George Stubbs didn’t just paint his creatures with accuracy, he did so with compassion… Anyone who visits this exhibition will surely enjoy the ride
George Stubbs: All Done From Nature
MK Gallery, Milton Keynes Until January 26
As nicknames go, the ‘Liverpudlian Leonardo’ isn’t a bad one. It’s how the 18th-century painter George Stubbs is often referred to: partly because he was born on Merseyside, and partly because he brought a scientific rigour to his art that recalled Leonardo da Vinci’s.
Stubbs is best known for his pictures of horses – and here in an excellent new exhibition we see a handful of his early drawings. These were the result of 18 infamous months when he locked himself away in a barn in the Lincolnshire village of Horkstow.
There, from an iron bar on the ceiling, he suspended the carcass of horse after horse, depicting them in various states of dissection. Stubbs revelled in removing the skin, blood and guts.
In Whistlejacket (c 1762), the 2nd Marquess of Rockingham’s life-size horse rears up unsaddled, his mane and tail flowing free
He was eventually driven out of Horkstow by locals who feared he was a necromancer.
Largely self-taught, Stubbs preferred to trust his own eyes rather than follow a teacher or conventional taste. In 1766 his barn drawings were published in The Anatomy Of The Horse, a book so accurate it was still used in veterinary schools in the 20th century.
IT’S A FACT
With their 350-degree vision, horses make excellent guide animals for blind people who are scared of dogs. Miniature horses are used, of course.

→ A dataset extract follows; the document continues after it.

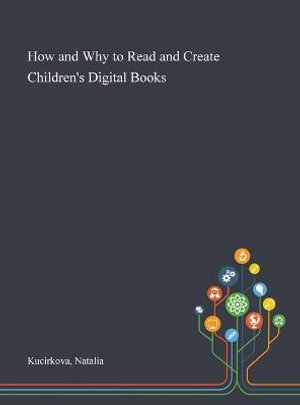 How and Why to Read and Create Children's Digital Books - Natalia Kucirkova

In time, Stubbs was receiving commissions from England’s gentry to paint their steeds. In Whistlejacket, the 2nd Marquess of Rockingham’s life-size horse rears up unsaddled, his mane and tail flowing free.
Stubbs didn’t just paint his creatures with accuracy, he did so with compassion – witness the sensitivity he conveys in their large eyes. Human subjects never got the same love as equine ones.
In many ways he was an artist in the right place at the right time. The thoroughbred racehorse was a new breed in the 18th century. Aristocrats were as likely to seek portraits of their horses as of their families.
Anyone who visits this exhibition will surely enjoy the ride.